Die unterschiedlichen Standards zur Inhaltsmoderation auf Plattformen wie X, Facebook oder Kick sorgen für zunehmende Spannungen in der Creator-Szene. Besonders marginalisierte Gruppen – darunter Frauen, queere Creator und People of Color – sehen Twitch zunehmend als digitalen Zufluchtsort, in dem sie sich sicher und unterstützt fühlen.
Twitch als bewusste Wahl für Sicherheit und Community
Creator Joseph „Halfmoonjoe“ Birdsong, selbst schwul und mit einem überwiegend weiblichen und queeren Publikum, konzentriert seine Aktivitäten mittlerweile fast ausschließlich auf Twitch. Andere Plattformen wie X hat er bewusst verlassen – aus Frust über deren immer geringere Moderation. Vier Creator bestätigten gegenüber Digiday, dass sie Twitch als die derzeit einladendste Plattform für marginalisierte Communities empfinden – vor allem wegen der klaren Moderationspolitik.
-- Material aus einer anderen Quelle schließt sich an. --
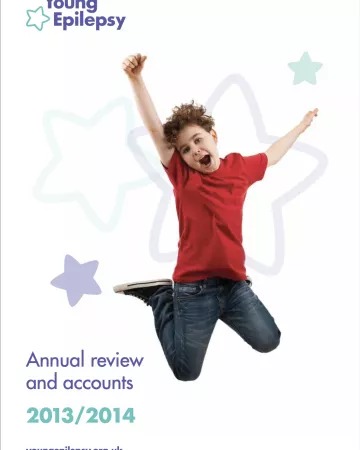A boy jumps for joy on the Young Epilepsy Annual Report 13-14 cover.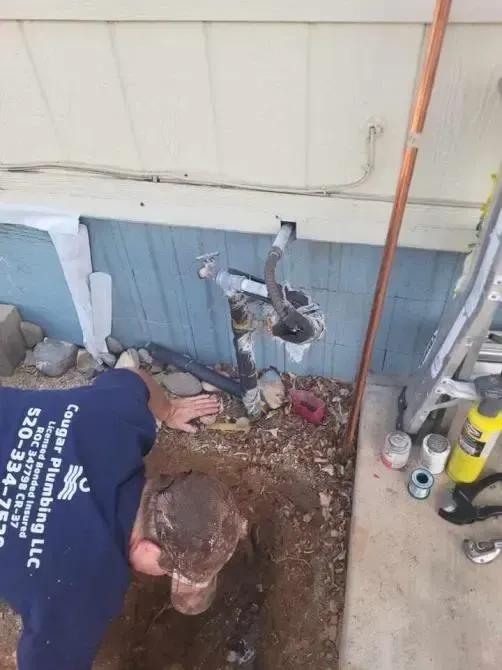 Plumber repairing pipes near a building's exterior. Copper pipe, black drain pipes, and dirt visible.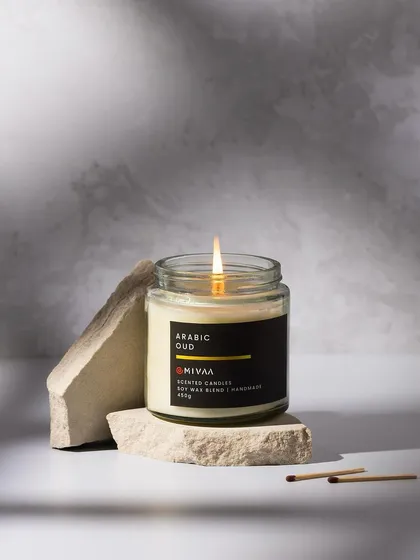 The studio's lighting and moody backdrops are perfect for creating atmospheric product shots, like this one for a scented candle, that feel both elegant and intimate.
„Ich fühle mich auf Twitch sicherer als auf anderen Plattformen“, so Birdsong.
Alternative Plattformen verlieren Vertrauen
Im Gegensatz dazu stehen Plattformen wie Kick, die sich zunehmend den Ruf einhandeln, bei problematischen Inhalten wegzusehen. Auch YouTube und TikTok bieten zwar Reichweite für vorproduzierten Content, aber beim Livestreaming fehlt es vielen an verlässlicher Moderation – insbesondere im Chatbereich, wie der farbige Creator Gappy anmerkt:
„Es bringt nicht viel, auf Plattformen zu streamen, auf denen man kaum die Kontrolle über den Chat hat.“
Twitch investiert gezielt in Sicherheitsfeatures
Während Plattformen wie X und Facebook ihre Moderationsteams zurückfahren oder ganz abschaffen, geht Twitch den entgegengesetzten Weg. Zuletzt wurden neue Moderatorentools eingeführt, darunter eine benutzerfreundlichere Einstellungsseite und die Erweiterung der mobilen Moderation auf Android-Geräte.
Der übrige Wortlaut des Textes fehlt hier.